The significance of manufacturing to any economy in the world cannot be understated.
Many economic development success stories owe a great deal to the role of the manufacturing sector. However, the story has been less than impressive in Kenya over the last few decades.
Growth trends have shown that the country’s manufacturing sector has remained stunted and it’s immense potential underutilised. This has undermined its intended impact on the economy.
According to the Kenya Association of Manufacturers (KAM), the performance of the manufacturing sector has been weak and has failed to keep up with developments in the region and globally. Its share of the GDP was the same in 2015 as it was in 1965, declining since 2010 to a low of 9.2 per cent by 2016.
Kenya’s GDP stands at more than $70 billion. The manufacturing sector therefore contributes an average of up to $7 billion of the total GDP, an amount that cannot be overlooked.
In its efforts to revitalise the manufacturing agenda, the KAM in 2017 launched a ten-point policy agenda for industrialisation. The policy offers guidance to the government on achieving economic goals stated in its manifesto by directing its efforts on the manufacturing sector.

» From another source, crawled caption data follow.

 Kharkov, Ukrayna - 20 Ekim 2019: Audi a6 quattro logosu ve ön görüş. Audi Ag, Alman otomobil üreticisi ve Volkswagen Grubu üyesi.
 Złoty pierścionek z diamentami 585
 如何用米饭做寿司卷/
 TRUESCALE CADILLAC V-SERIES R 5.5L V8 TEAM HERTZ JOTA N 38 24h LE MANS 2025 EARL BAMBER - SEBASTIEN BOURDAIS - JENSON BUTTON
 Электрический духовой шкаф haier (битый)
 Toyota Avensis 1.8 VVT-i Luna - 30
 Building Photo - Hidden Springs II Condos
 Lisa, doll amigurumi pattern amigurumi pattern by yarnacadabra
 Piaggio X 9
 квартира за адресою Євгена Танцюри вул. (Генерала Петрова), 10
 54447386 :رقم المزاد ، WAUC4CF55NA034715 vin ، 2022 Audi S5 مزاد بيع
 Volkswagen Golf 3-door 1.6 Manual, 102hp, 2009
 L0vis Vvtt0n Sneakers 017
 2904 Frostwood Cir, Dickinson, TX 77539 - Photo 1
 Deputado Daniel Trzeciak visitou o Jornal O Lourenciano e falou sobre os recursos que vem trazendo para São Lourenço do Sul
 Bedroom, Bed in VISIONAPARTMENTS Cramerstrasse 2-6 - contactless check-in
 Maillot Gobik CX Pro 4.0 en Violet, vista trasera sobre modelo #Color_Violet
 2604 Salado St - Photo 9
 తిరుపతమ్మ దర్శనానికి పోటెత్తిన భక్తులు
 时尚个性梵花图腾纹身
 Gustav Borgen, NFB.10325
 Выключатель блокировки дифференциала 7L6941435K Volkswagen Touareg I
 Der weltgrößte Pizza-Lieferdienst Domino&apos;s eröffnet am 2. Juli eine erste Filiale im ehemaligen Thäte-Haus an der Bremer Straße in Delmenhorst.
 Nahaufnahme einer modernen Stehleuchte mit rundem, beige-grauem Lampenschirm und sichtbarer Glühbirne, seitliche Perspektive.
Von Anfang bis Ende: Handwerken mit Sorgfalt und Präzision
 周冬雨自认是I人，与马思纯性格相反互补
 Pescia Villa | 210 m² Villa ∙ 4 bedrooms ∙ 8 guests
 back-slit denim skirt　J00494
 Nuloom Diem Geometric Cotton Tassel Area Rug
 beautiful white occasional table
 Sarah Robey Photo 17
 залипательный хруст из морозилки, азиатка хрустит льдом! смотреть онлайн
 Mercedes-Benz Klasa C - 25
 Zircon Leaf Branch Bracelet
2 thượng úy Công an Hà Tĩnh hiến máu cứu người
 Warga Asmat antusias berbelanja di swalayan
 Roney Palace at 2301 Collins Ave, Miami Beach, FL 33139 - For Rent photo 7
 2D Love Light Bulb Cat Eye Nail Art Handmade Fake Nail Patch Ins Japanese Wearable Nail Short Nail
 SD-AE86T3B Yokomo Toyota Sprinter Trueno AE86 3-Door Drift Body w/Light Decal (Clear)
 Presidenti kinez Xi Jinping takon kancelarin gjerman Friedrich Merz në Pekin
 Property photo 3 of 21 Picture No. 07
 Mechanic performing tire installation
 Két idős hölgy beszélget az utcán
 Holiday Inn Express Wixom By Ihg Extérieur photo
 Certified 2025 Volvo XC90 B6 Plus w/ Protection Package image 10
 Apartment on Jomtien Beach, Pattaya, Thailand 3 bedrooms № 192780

A segment of manufacturing in Kenya that has not received deserved attention is the locally assembled motor vehicle sector. The sector plays a significant role in building the country’s economy, essentially through the transportation of goods and people, and the formulation of intricate value chains that create employment and business opportunities for thousands of Kenyans.
However, compared to other countries, vehicle assembly in Kenya still has a long way to go, to compete at global levels. Drawing comparisons with other nations that have heavily invested in local vehicle assembly, the growth opportunities are immense and the return on investments is unquestionable.
It is encouraging to see that the Kenyan government has prioritised the growth of manufacturing in the country through the Big Four Agenda. Local motor vehicle assembly can strengthen Kenya’s manufacturing potential and help achieve tremendous growth through favourable industry regulations and policies.
Examples from other markets where the motor industry has achieved great strides continue to demonstrate that government support is a critical component of their success.
New investment laws set by governments have favourably influenced the rise of the automotive industry in some countries. For instance, foreign car companies setting up shop in Morocco today benefit from a variety of incentives, including a five-year corporate tax holiday, VAT exemptions, and land purchase subsidies.
In measures to attract more investors into the motor vehicle sector, the Kenya government in early 2017 announced a reduced corporate tax rate of 15 per cent down from 30 per cent for the first five years of operation, for new vehicle assemblers.
However, it was not made clear how this measure would apply to existing assemblers, who have already made significant investments in the business.
Currently, as per the Kenya National Bureau of Standards (KNBS), used cars make up about 80 per cent of vehicles imported in Kenya on an annual basis. With such high numbers of second-hand cars, the market for locally assembled vehicles is undermined, constraining its growth.
Ironically, we currently boast of three automotive plants in Kenya capable of assembling 30,000 units per year (on a single shift) but they’re operating at just about 33 per cent of their capacity.
A policy to discourage the importation of second-hand vehicles will achieve beneficial impact on local assembly. Its gratifying to note that Kenya’s recently formulated automotive policy framework proposes to impose further age limits on second-hand vehicle imports, from eight to five years.
To demonstrate the effectiveness of this bold policy move, in 2013, Nigeria passed a new tax regulation for second-hand cars to discourage vehicle importation and encourage local production.
The Nigerian Government introduced steep tariff rates of up to 70 per cent on imported Fully Built Units (FBU), 10 per cent on Semi-Knocked-Down Units (SKD) and 0 per cent on Completely-Knocked-Down Units (CKD).
After this bold move, PwC released a survey titled Africa’s Next Automotive Hub that predicted by 2020, Nigeria’s impressive GDP will be the 16th largest economy in Africa and the ninth largest economy by 2050 characterised by a large consumer base with ever increasing purchasing power driving the demand for locally assembled automobiles.
Local vehicle assembly capacity to provide opportunities for skilled and unskilled labour in the country is immense. At full capacity, a local vehicle assembly chain requires a larger number of employees, hired directly, to fully assemble the vehicles compared to the number of manpower required to import second-hand vehicles.
The indirect employment opportunities are also extended through the value chain both downstream and upstream e.g. local vehicle components suppliers and vehicle dealers.
Indirect employment includes personnel working in enabling industries, such as vehicle finance and insurance, vehicle repair, vehicle service stations, vehicle maintenance, vehicle and component dealers, drivers, cleaners, which totals to about 60 to 70 per cent.
In Thailand, according to a survey of members of the Auto Parts Club and TAPMA, the industry employs more than 500,000 people. In Egypt it creates 86,000 direct and indirect jobs.
Rita Kavashe, Chairperson, Kenya Vehicle Manufacturers Association.